I left some corks in the safe for an entire year. They were #9x1.75 inch agglomerated corks. When I finally bottled with them a year later, they had become saturated and puffy. The bucket was so well sealed that the Na-meta had not evaporated. It still had plenty of stink.

The soft puffy corks slid into the bottles like they were made of butter, or at least like El Salvadoran corn masa. Unfortunately, they slid right back out on their own from the pressure of the air compressed below them. I could not get them to stay put in the bottle. A half hour after bottling, I had to pull them all out (an easy job, as I could just pull them by hand) and replace them with fresh sanitized corks. 

Since then, I put my corks in the fumigating cork safe just a day before I bottle.


----------



## Rocky (Dec 29, 2011)

An inexpnsive and handy tool for sanitizing corks is a common kitchen salad spinner. I have an old one where I put the corks into the basket and the solution in the bottom of the bowl of the spinner and put the top on. Works great.


----------



## Wade E (Dec 29, 2011)

Milbrosa, That method that you were using is for quick sanitizing like you are doing now. You need to keep the corks below the liquid. Either that or they were poor quality corks. Ive buy corks in bulk and keep a gallon wine jug in the middle open 1/2 filled with the solution and have had corks in there for around 1 year no problem.


----------



## djrockinsteve (Dec 29, 2011)

I tend to spray everything before and after cleaning, even my hands.

Let's not forget to keep your sink and the spigots clean. Anything you touch whether you think about it or not should be clean.


----------



## milbrosa (Dec 30, 2011)

Wade E said:


> Milbrosa, That method that you were using is for quick sanitizing like you are doing now. You need to keep the corks below the liquid. Either that or they were poor quality corks.

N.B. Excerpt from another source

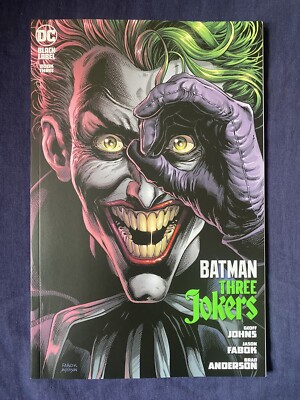 BATMAN: THREE JOKERS #3 (OF 3) CVR A (DC 2020) BAGGED & BOARDED.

Ive buy corks in bulk and keep a gallon wine jug in the middle open 1/2 filled with the solution and have had corks in there for around 1 year no problem.



The way I was doing it, the corks are in a colander above the liquid, but not in the liquid. They are suspended over the liquid, not touching it.

If I understand you correctly, it sounds you put the corks in the bottom of the bucket and put an open bottle of k-meta in the bucket with them.

It sounds pretty much the same, except that I probably have a larger surface area of sanitizing solution exposed to air inside the bucket. I kept the lid on the bucket sealed, as I'm sure you do. In either case, there will be sulfur in the air around the corks to sanitize them.

These are the corks - the say "molded" not "agglomerated" so I was wrong about that.
http://www.finevinewines.com/XPListDet1.asp?MM_PartNumber=2322B


----------



## Wade E (Dec 30, 2011)

Link is wrong. There is a problem with doing links a certain way from that site and everything ends up as a bucket of all juice Merlot. You are using the perfect agglomerate molded corks in #9 x 1.5" size. Those are good corks although I much prefer the 1.75"s or the size you use. These are the exact corks I use and dont have a problem using this method with the corks under the gas. Not sure if thats the reason you had this problem but I just havent run into this problem yet.


----------



## milbrosa (Jan 2, 2012)

Weird. Is there a way to link to stuff on FVW so it works properly? 

No matter. What I'm using are the corks that have FIne Vine Wines logo on them. I think they are molded rather than agglomerated, but I am by no means certain. 

They look like they have a finer texture than agglomerated. It is analogous to the difference between MDF (medium density fiberboard, the molded cork) vs OSF (oriented strand board, the agglomerated cork). 

They are #9x1.75" corks.


----------



## Runningwolf (Jan 2, 2012)

milbrosa said:


> Weird. Is there a way to link to stuff on FVW so it works properly?



There is. When you bring up the page with multiple items on it, right click on the part number you want to link to and then click on copy short cut. Do not go to the single item page and save the web address.


----------



## milbrosa (Jan 4, 2012)

Thanks Dan. Then just to be clear, the corks that got mushy on me were these 2320B #9x1.75.

The other ones I normally use are 2310B #9x1.75. I didn't leave any of those in my cork safe for a year, so I don't know if they would suffer the same fate.


----------